The report Friday found that while public statements by Ms. Rice and other U.S. officials eventually were proven wrong, the inaccuracies stemmed from poor intelligence rather than manipulation of the information.
Rather than accusing Ms. Rice and the administration of deception, the panel said, “The early intelligence assessments and the administration’s initial public narrative on the causes and motivations for the attacks were not fully accurate.”
Much of the report deals with the intelligence behind the talking points, because the committee focused on the role of intelligence agencies in the attacks.
Early intelligence indicated that the attacks evolved from a protest, the report said. Other available early intelligence—which turned out later to be correct—didn’t assert there had been a protest.

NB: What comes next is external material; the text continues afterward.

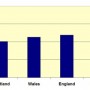 popn growth bar chart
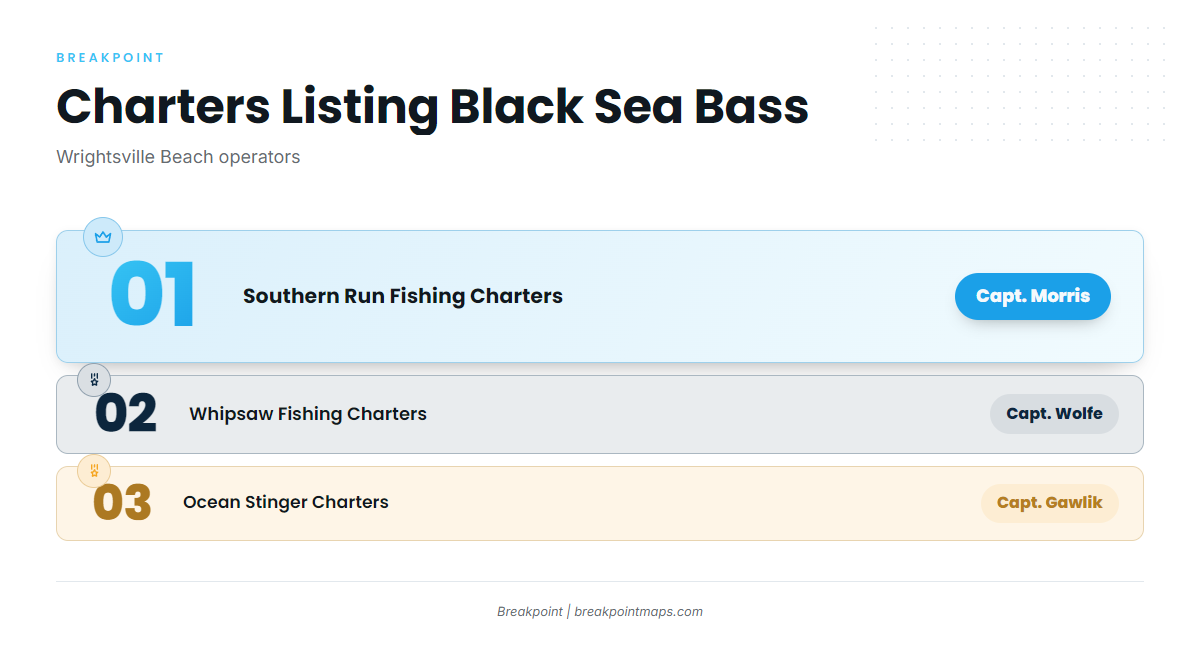 Who fishes for black sea bass out of Wrightsville Beach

Nonetheless, the CIA initially assessed that the attacks grew out of a protest, the House report said. The CIA changed its initial assessment nearly a week after Ms. Rice appeared on Sunday shows to discuss the event, determining there had been no demonstration.
The report found that analysts received 21 reports that a protest occurred in Benghazi, including 14 from public reports and others from the CIA, the Defense Department and the National Security Agency.
In a statement, Rep. Mike Rogers (R., Mich.), the committee chairman, and Rep. C.A. “Dutch” Ruppersberger (D., Md.), the senior Democrat, said the report stemmed from “thousands of hours” of investigation, including interviews with senior intelligence officials and security personnel and an extensive review of documents and intelligence assessments.
“Based on the testimony and the documents we reviewed, we concluded that all the CIA officers in Benghazi were heroes,” Messrs. Rogers and Ruppersberger said.
A bipartisan Senate intelligence committee report released in January sharply criticized American diplomats and intelligence officials, and found that the assault in Benghazi was “likely preventable” through improved security and intelligence operations.